Ainda há pouca compreensão sobre a terapia de micro-ARN, e existem apenas três ou quatro medicamentos intravenosos para doenças hepáticas raras registrados no mundo. Também não existem ainda medicamentos de micro-ARN contra doenças respiratórias com eficácia comprovada. “O micro-ARN é uma molécula muito teimosa e específica, e é bem difícil encontrar uma maneira para que ela entre nas células, para que seja suficientemente seletiva”, explica Iásni.

Qual a eficácia do novo medicamento russo?

Infelizmente, apesar das esperanças de seus criados, ainda não foi provada uma alta eficiência do medicamento: a patente emitida não confirma sua eficiência. “Normalmente, um medicamento promissor é patenteado e, depois disso, iniciam-se os testes clínicos”, diz Larissa Popovitch, diretora da Faculdade de Economia da Saúde da Escola Superior de Economia da Rússia.

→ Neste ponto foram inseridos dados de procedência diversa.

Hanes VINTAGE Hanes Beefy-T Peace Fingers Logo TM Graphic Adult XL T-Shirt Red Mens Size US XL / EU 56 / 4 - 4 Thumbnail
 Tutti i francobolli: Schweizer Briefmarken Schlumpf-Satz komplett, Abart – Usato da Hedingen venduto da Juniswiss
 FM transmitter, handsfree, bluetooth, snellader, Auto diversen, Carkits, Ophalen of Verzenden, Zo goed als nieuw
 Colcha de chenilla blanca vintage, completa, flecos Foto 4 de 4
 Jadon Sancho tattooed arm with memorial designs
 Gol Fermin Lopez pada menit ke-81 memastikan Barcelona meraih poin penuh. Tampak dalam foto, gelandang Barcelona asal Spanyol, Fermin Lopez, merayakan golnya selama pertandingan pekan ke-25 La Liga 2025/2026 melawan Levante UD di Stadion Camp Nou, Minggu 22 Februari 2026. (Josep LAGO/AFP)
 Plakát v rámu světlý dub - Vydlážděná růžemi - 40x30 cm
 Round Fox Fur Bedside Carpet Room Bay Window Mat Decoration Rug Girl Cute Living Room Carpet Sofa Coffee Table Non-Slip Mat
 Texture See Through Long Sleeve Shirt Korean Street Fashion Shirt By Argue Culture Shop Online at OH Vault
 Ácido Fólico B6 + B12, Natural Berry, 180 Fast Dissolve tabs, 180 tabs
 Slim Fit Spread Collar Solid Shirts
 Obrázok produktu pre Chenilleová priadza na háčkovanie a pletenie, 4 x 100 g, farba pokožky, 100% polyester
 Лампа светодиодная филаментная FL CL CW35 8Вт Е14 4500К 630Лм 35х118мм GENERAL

Assim, as autoridades patenteiam moléculas que só serão usadas em pesquisas futuras, e isso não garante a produção do medicamento para a população.

O MIR-19, por sua vez, passou apenas pela primeira fase de testes clínicos em hamsters. O professor de Skôlkovo (Rússia) e da Rutgers University (EUA) Konstantin Severinov estudou a publicação na "Allergy" e acredita que "é muito cedo para dizer que existe realmente um remédio aí".

“O estudo publicado foi realizado apenas em um sistema modelo, ou seja, em um tubo de ensaio e testado apenas em hamsters. Esses hamsters estão infectados com o coronavírus e, por isso, apresentam uma leve tosse. Foi demonstrado que, após respirar com o medicamento, a tosse diminui. Isso é tudo", disse.

Segundo Severinov, a fase atual está muito longe do uso final do medicamento em humanos. “No momento, existe apenas uma molécula candidata (a que foi patenteada pelo instituto). Essas moléculas estão sendo desenvolvidas por centenas de laboratórios em todo o mundo. Alguns deles estão passando por testes clínicos, mas poucos se tornam medicamentos".

Hoje, o medicamento MIR-19 está passando pela segunda fase dos ensaios clínicos em pessoas com covid-19.